Reuters reports 200,000 households without water a week after the storms hit, with temperatures in the 31° to 34°C range, humidity high, emergency supplies limited, and “life in school gymnasiums and other evacuation centres, where families spread out on mats on the floors, [beginning] to take a toll.”
But none of those realities stopped Japan’s cabinet from adopting a new Strategic Energy Plan (SEP) July 3 that extends the country’s dependence on coal and nuclear generation for baseload power. That decision “fails to consider the dramatic changes currently occurring in global energy trends,” and “neglects the strong public desire for a major shift toward renewable energy and a move away from nuclear and coal,” the non-profit Kiko Network charges.

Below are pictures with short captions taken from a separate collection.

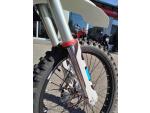 Klikněte pro detailní foto č. 6 - KTM Freeride E-XC, 1.MAJITEL, ZÁNOVNÍ MOTO, 250 KM, -DPH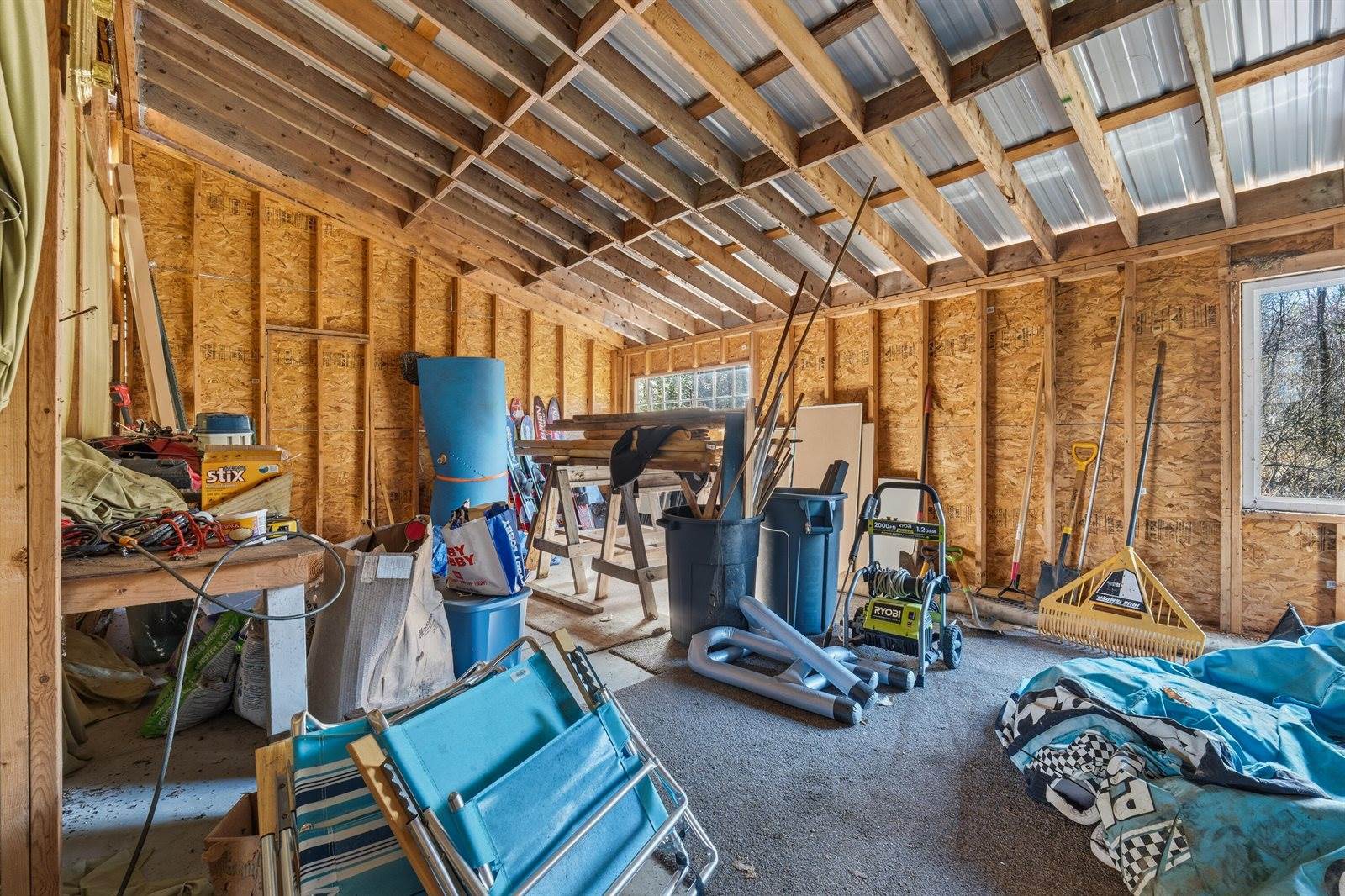 64 Annabessacook Drive, Winthrop, ME 04364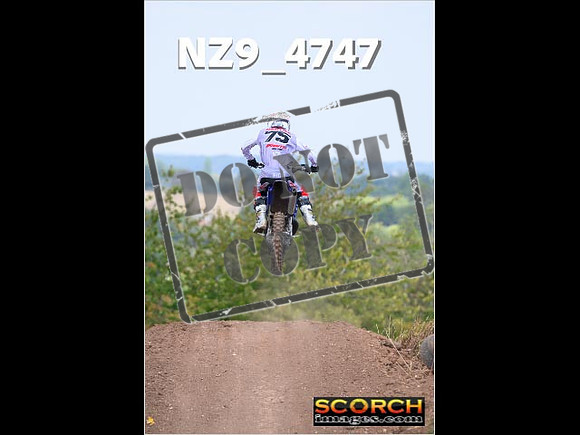 Experts-129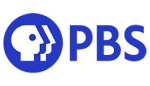 PBS logo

“Japan is rich in renewable resources, a fact that makes a fundamental revision of Japan’s energy policies entirely possible and is an opportunity to revitalize local communities. Such change is urgently necessary,” the network states. Even so, the new strategy “maintains an emphasis on nuclear and coal power. This policy rewards vested interests, as much of the national budget will be appropriated to these dated and conventional industries. This also means that Japan is not only abandoning opportunities to create a sustainable society, but also giving up international negotiating power and competitive advantage as an energy leader.”
Kiko says the review process leading up to the new policy was dominated by nuclear and coal interests and failed to factor in a petition with 53,403 signatures that urged a transition to a nuclear-free future.